Overtime Elite (OTE) was founded in March 2021 by Overtime co-founders Dan Porter and Zack Weiner. The stated purpose of the league was to give prospects who left high school a place to play competitive basketball while also earning a six-figure contract and being able to profit off of their name, likeness, and image (NIL).
It should be noted that the six-figure contract is earmarked so that the players can attend the university of their choice and not have to make an academic decision based on basketball. However, the players are also able to make money through branding deals and OTE said “each member of the top team at the end of the season will receive an additional $10,000.”
When the league was first announced, many viewed Overtime Elite as a disruptive force for the NCAA and a lot of big names invested money, including rapper Drake and Amazon’s Jeff Bezos. Former UCONN Men’s basketball coach Kevin Ollie also announced that he would be the head coach, adding even more credibility to the league.
While the league’s future may be hurt by the NCAA’s decision to allow NIL deals, that won’t impact its current crop of players, like Jean Montero, who, in 2021, became the first international player to sign with Overtime Elite.
At the time, he was 17 years old and had been playing on the Dominican Republic’s national team since he was 13. Playing against much older competition fostered competitiveness in him and made him a strong playmaker since he was often setting up opportunities for his older teammates.
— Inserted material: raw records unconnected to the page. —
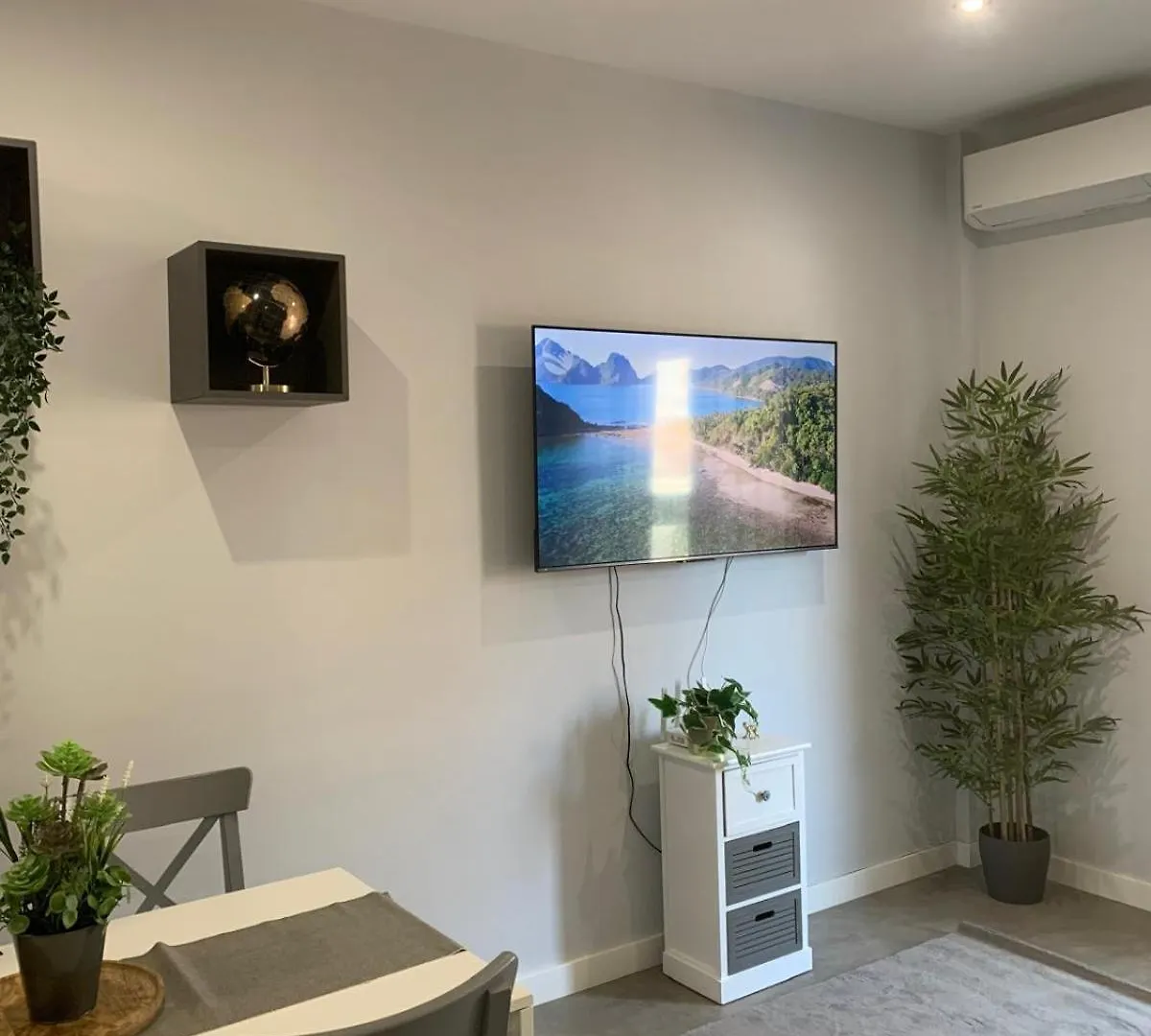 Apartamento De Lujo En La Vera Playa Garrucha Spain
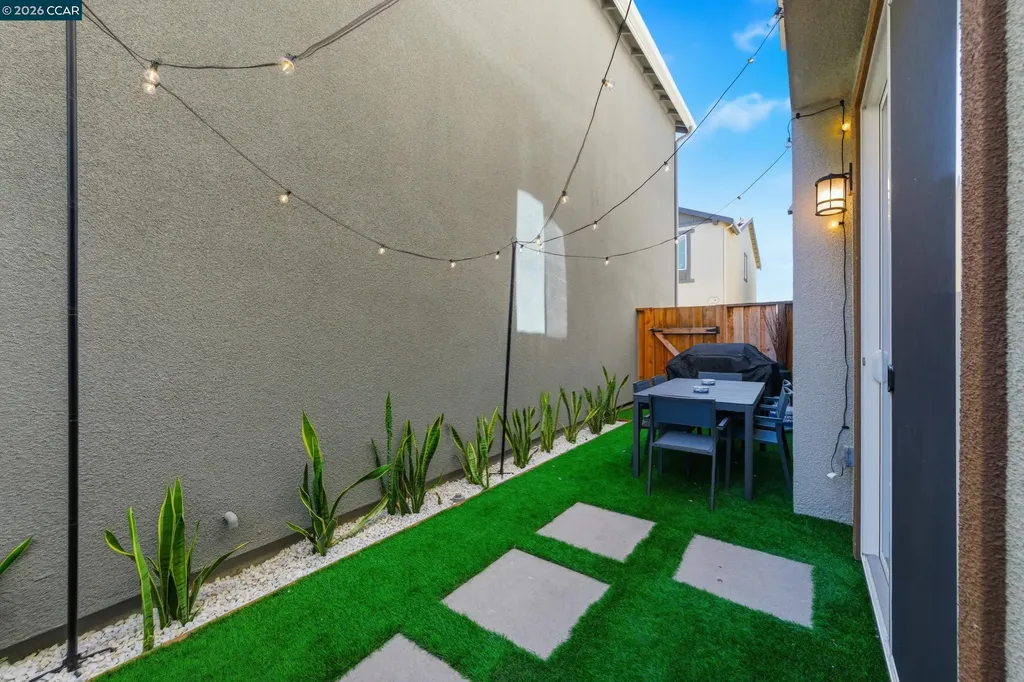 5 Brookdale Court Pittsburg CA 94565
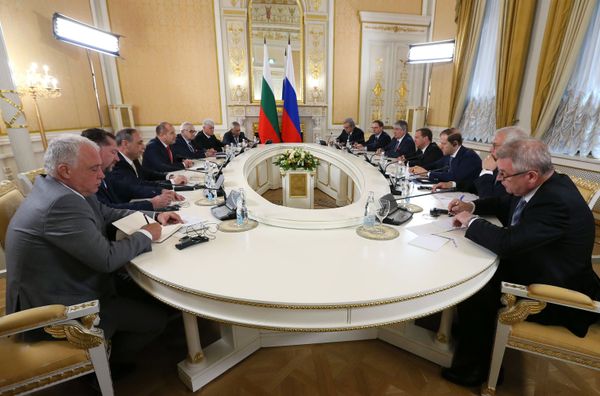 Встреча премьер-министра РФ Д. Медведева и президента Болгарии Р. Радева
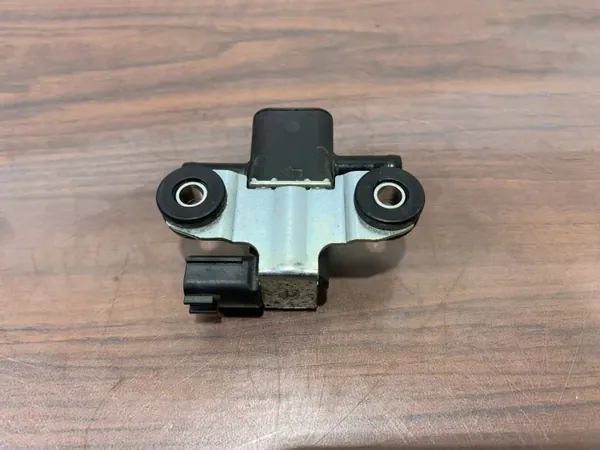 Mitsubishi Outlander Kraftstoffdampfventil OEM K5T45875 image 5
At 15 years old, Montero turned pro and played for Gran Canaria, a professional team in Spain, before signing with OTE.
In OTE, Montero was the leading scorer on his team, averaging 16.9 points per game while also chipping in 7.3 rebounds and 4.7 assists per game. He had the highest usage rate on the team at 26.3% but did shoot just 27.5% from beyond the arc, so there remain questions about how consistent his jumpshot can be at the next level.
Some scouting services place the 6’2″ guard’s NBA comparison as Dennis Schroder since Montero is a quick and shifty guard who “should have success creating in the NBA.“
While he will start out on just an Exhibit 10 Contract, there’s no denying that Montero has the work ethic and desire to push for a spot on the Knicks roster. After all, this is a kid who built his own basketball court in his hometown of Villa Juana: “We found some wood, a bike that we took the wheels off of, took the cables inside the bike and some nails, then boom — we had our own court.”
When he first got his opportunity at OTE, Montero reflected that “this really wasn’t supposed to happen for me. This doesn’t happen for kids who are from where I’m from.” But he got here because he “kept fighting for [his] spot.”
He’ll have to do that once again, but if he performs well enough in the NBA Summer League, a spot in the G League and the potential to make an impact with the Knicks down the road remains in his grasp.